Saint Olga of Kiev, my 34th great grandmother
SAINT OLGA OF KIEV, MY 34TH GREAT GRANDMOTHER

Saturday, September 6, 2025

THE END OF AN ERA AND A NEW VISION

 



For more than 20 years now, I have lived as a religious hermit, and it has not manifested in the manner in which I had originally imagined. I find that, rather than being in charge of my activities of daily life, my physical limitations are running the show. 

I originally intended to devote myself to a daily cycle of prayers and some rigorous spiritual practices common to most hermits, but because of the intensity of my constant global pain, and the severe limitations that it puts on my daily functions, I find that I am in service to my body, rather than my body being in service to my aspirations.

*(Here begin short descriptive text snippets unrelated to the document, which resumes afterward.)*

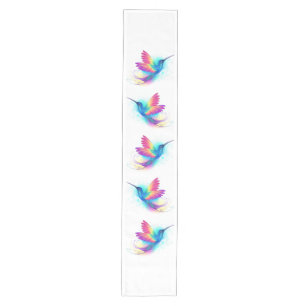 Exotic Rainbow Hummingbird Medium Table Runner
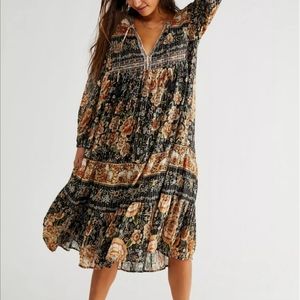 Spell Boho Dress-Nightfall XS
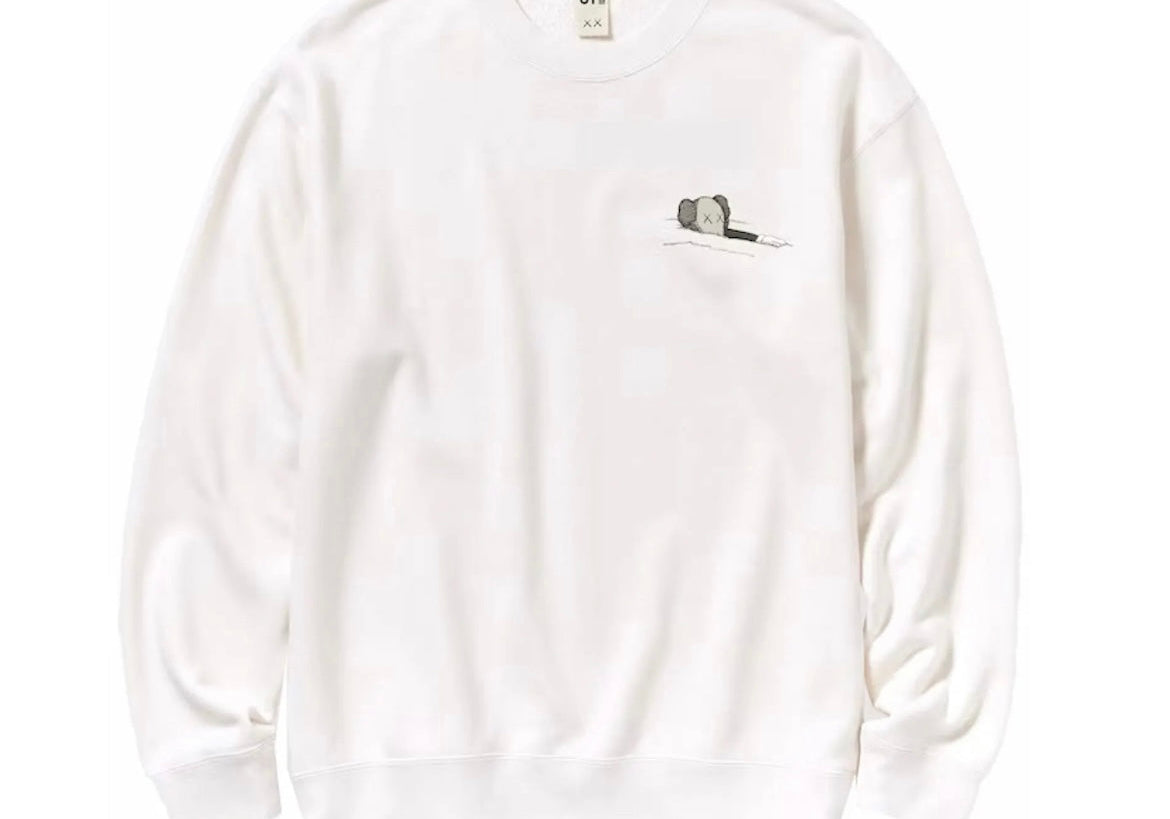 Kaws X Uniqlo Longsleeve Sweatshirt Off-White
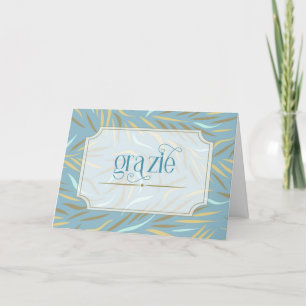 Grazie Himlar Blue Botanical Italiana Tack Kort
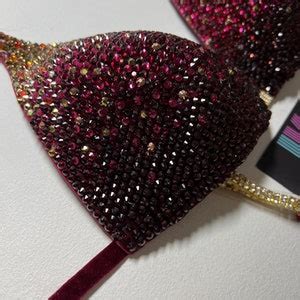 Red Bikini Competition IFBB NPC Bikini WBFF Bodybuilding Suit Competition Bikini Etsy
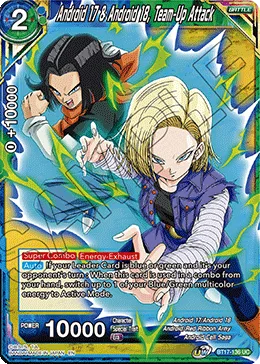 BT17-136 Android 17 & Android 18, Team-Up Attack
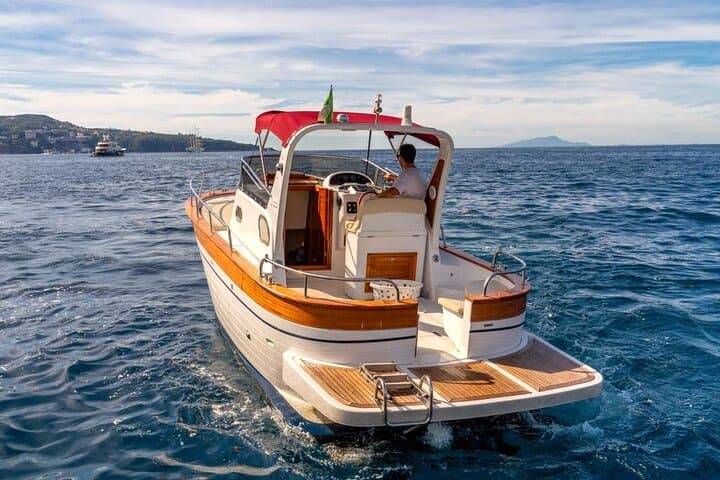 Private Boat Tour from Sorrento to Capri on a Classic Gozzo 7.50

I have gradually come to realize that it is just as well that my activities of daily life have been removed from my direction and control, because it has forced me to live in humility and obedience, to follow the dictates and demands of something other than my imaginative goals. Every hermit needs something that keeps the ego in check, and this is the version that God has decided is best for me. In obedience to Him, I surrender to the reality of the situation.

My spiritual disciplines have necessarily experienced a transformation out of the necessity of the situation in which I find myself. This surrender of my mode of worship is itself a submission to the will of the Lord, and I think it is actually a very good thing in an ugly suit because it has forced my spiritual disciplines to become increasingly hidden and interior.

While on the outside, my body and my life have become grotesque, the merging of my will with the will of God has plunged my spiritual disciplines into a deeply internal state of constant communication with Him who is my all-in-all. This has happened because I am entirely unable to accomplish any of the physical postures or appearances that are associated with what we imagine holiness looks like! I am not even able to keep a regular schedule, as the physical pain keeps me from sleep, and I am up at all hours.

When I decided to dedicate my later years to the Lord as a type of urban hermit, I had originally imagined that my hermit life would find me combining some schedule of at-home daily spiritual disciplines with regular weekly or daily visits to one of  several remarkable old churches in my neighborhood. I imagined a beautiful life, surrounded by the memories of the saints, the beauty of religious rites carried on in a holy, incense-filled environment, and a daily routine of exquisite prayers.




But my physical disabilities and constant global pain that makes it difficult and, at times impossible, to walk more than a few feet, combined with the poverty, have rendered a much different scenario.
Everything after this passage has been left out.